◆ **Problem to solve**
All of the data below must be reproduced word for word, but without its images.

◆ **Given data**
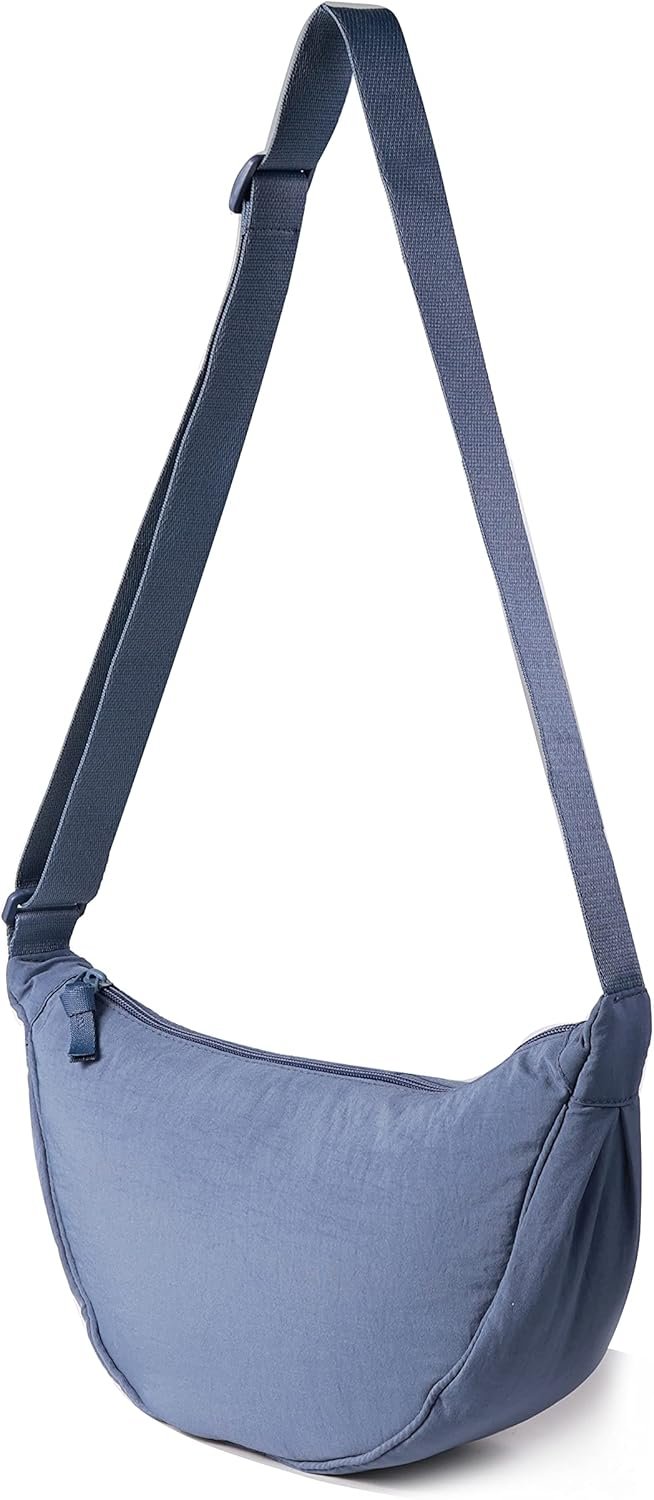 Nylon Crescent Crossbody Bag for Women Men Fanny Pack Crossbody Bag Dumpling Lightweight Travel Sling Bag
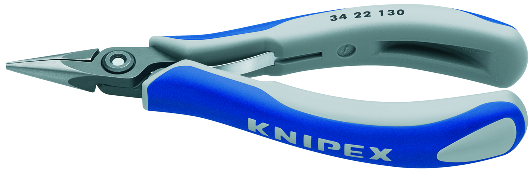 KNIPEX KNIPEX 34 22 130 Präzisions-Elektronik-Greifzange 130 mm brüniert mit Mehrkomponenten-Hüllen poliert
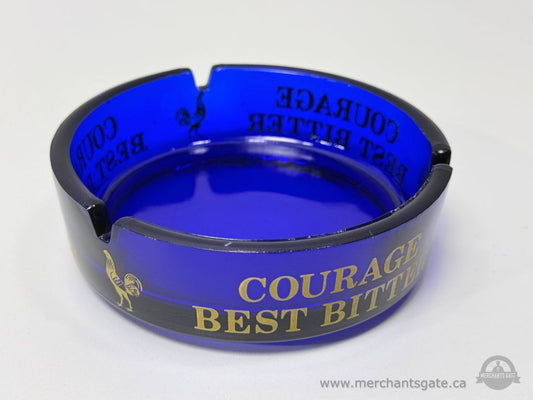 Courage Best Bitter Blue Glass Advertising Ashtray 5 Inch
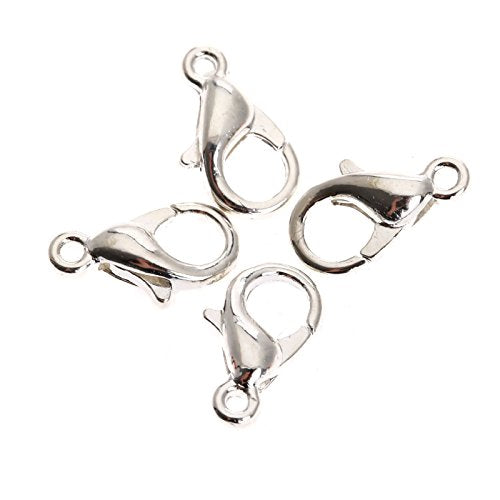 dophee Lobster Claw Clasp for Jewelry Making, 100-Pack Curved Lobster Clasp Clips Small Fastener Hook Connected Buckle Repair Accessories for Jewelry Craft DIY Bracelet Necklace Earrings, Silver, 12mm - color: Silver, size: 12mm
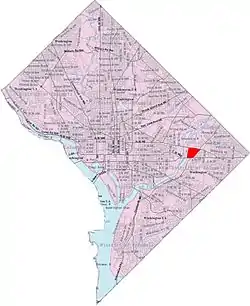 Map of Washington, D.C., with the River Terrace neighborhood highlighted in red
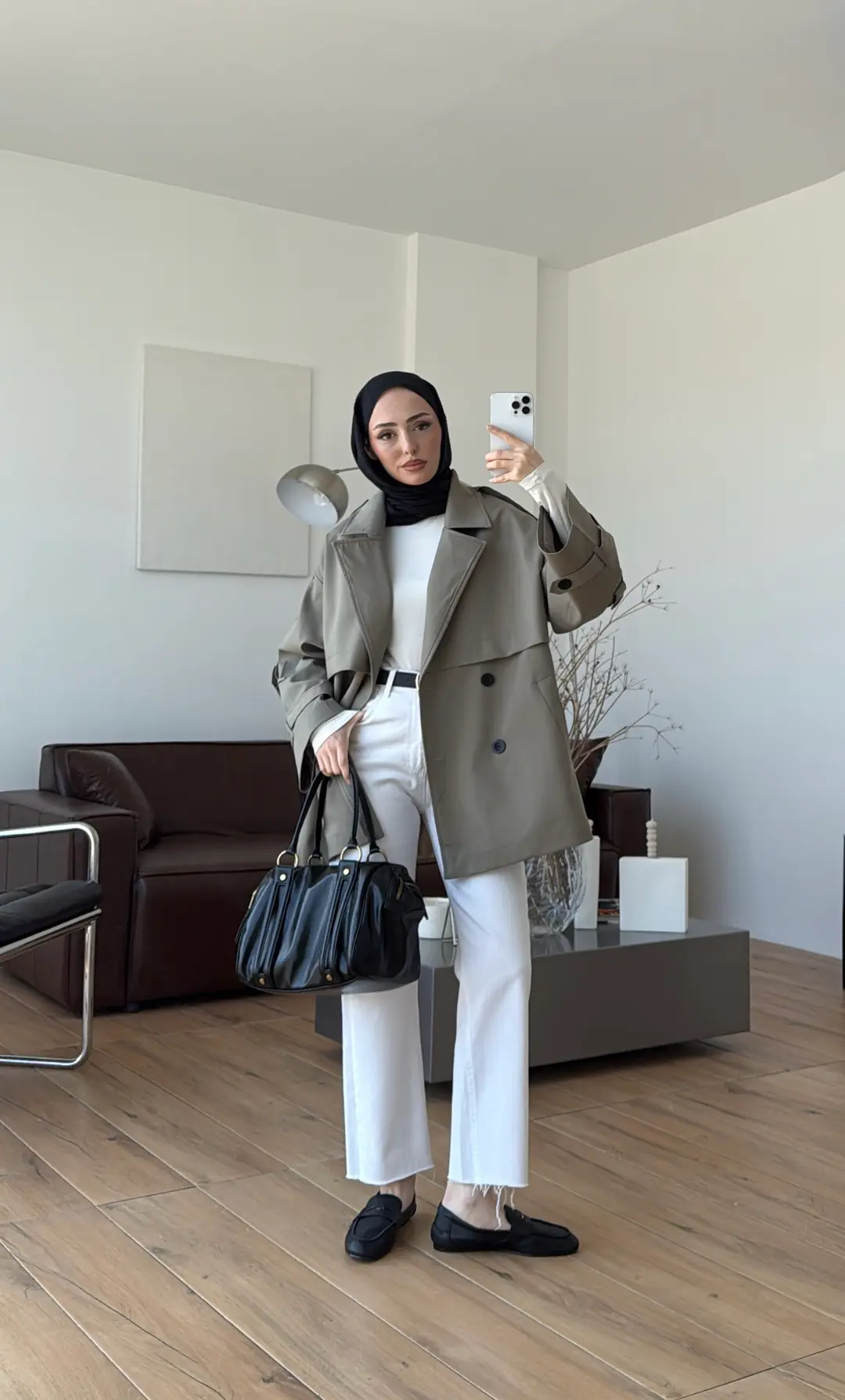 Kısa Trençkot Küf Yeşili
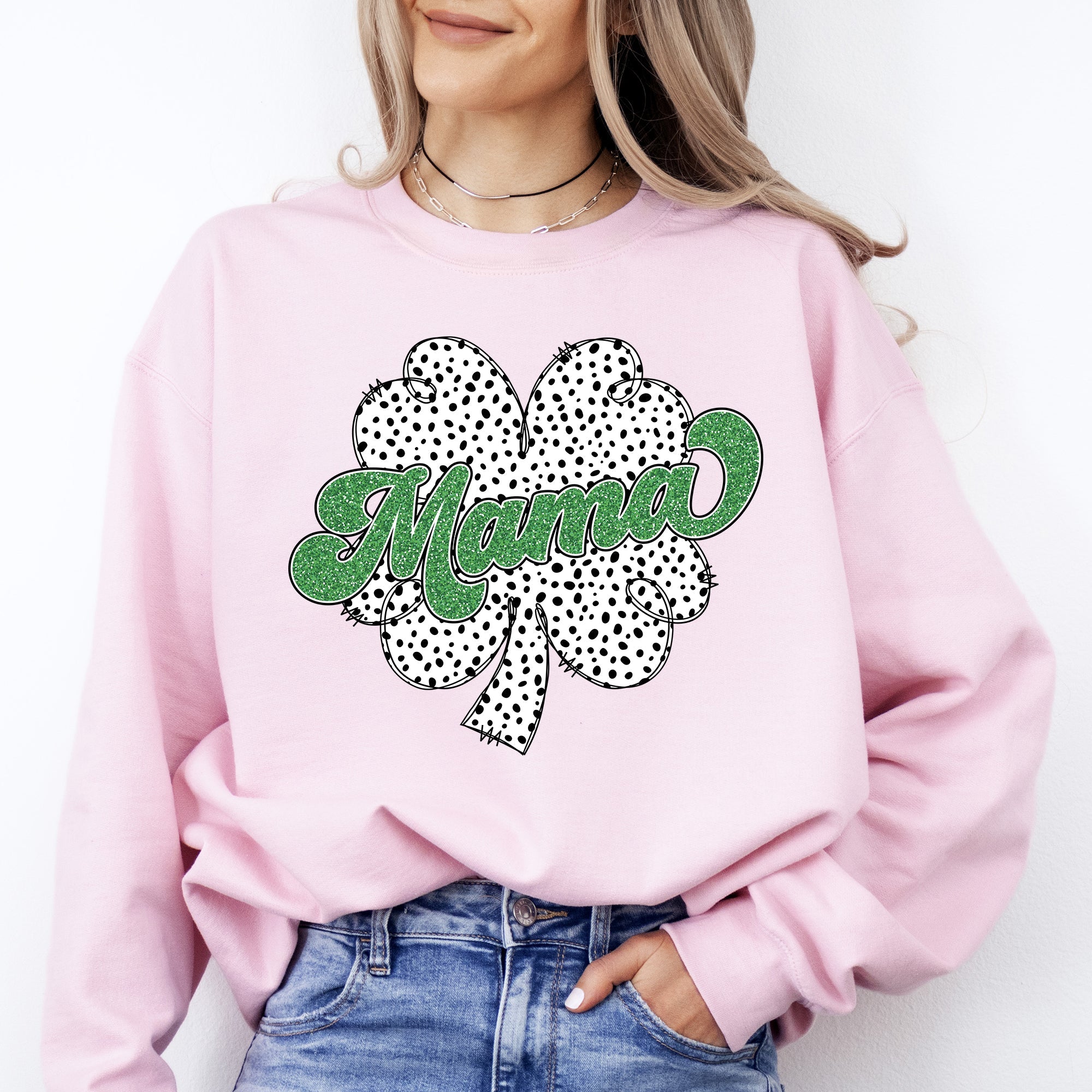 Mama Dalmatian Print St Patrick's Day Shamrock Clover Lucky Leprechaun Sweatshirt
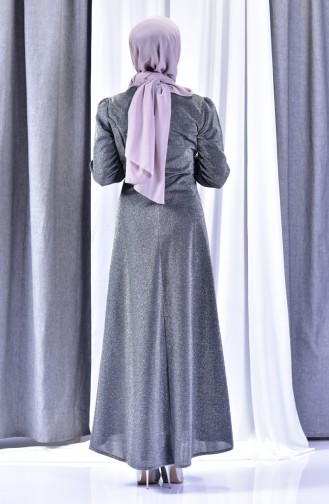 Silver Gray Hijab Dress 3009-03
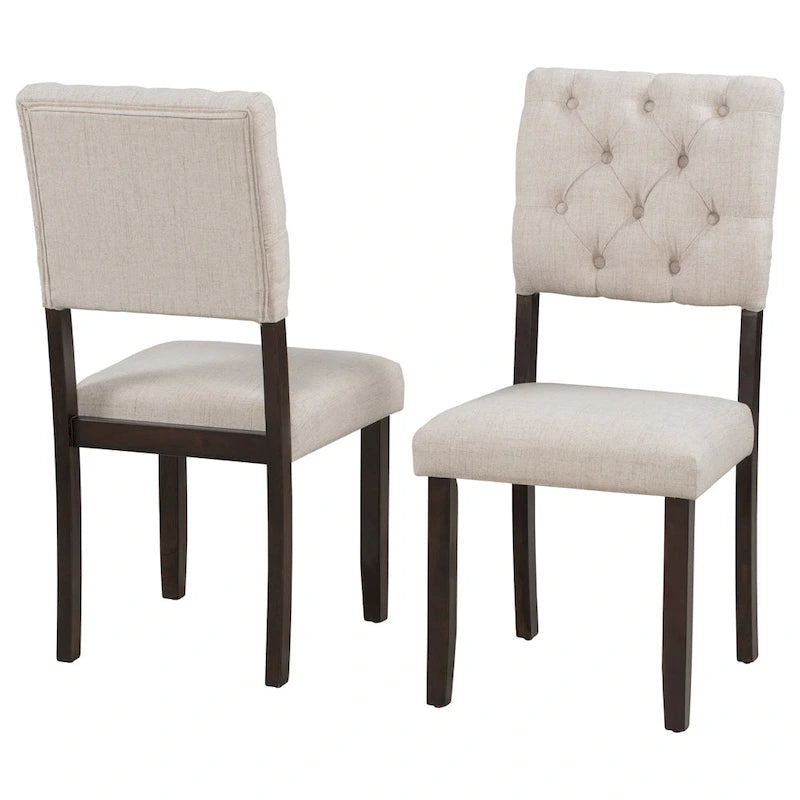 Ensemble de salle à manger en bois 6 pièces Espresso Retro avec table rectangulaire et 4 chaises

◆ **Output of the exercise**
 Nylon Crescent Crossbody Bag for Women Men Fanny Pack Crossbody Bag Dumpling Lightweight Travel Sling Bag
 KNIPEX KNIPEX 34 22 130 Präzisions-Elektronik-Greifzange 130 mm brüniert mit Mehrkomponenten-Hüllen poliert
 Courage Best Bitter Blue Glass Advertising Ashtray 5 Inch
 dophee Lobster Claw Clasp for Jewelry Making, 100-Pack Curved Lobster Clasp Clips Small Fastener Hook Connected Buckle Repair Accessories for Jewelry Craft DIY Bracelet Necklace Earrings, Silver, 12mm - color: Silver, size: 12mm
 Map of Washington, D.C., with the River Terrace neighborhood highlighted in red
 Kısa Trençkot Küf Yeşili
 Mama Dalmatian Print St Patrick's Day Shamrock Clover Lucky Leprechaun Sweatshirt
 Silver Gray Hijab Dress 3009-03
 Ensemble de salle à manger en bois 6 pièces Espresso Retro avec table rectangulaire et 4 chaises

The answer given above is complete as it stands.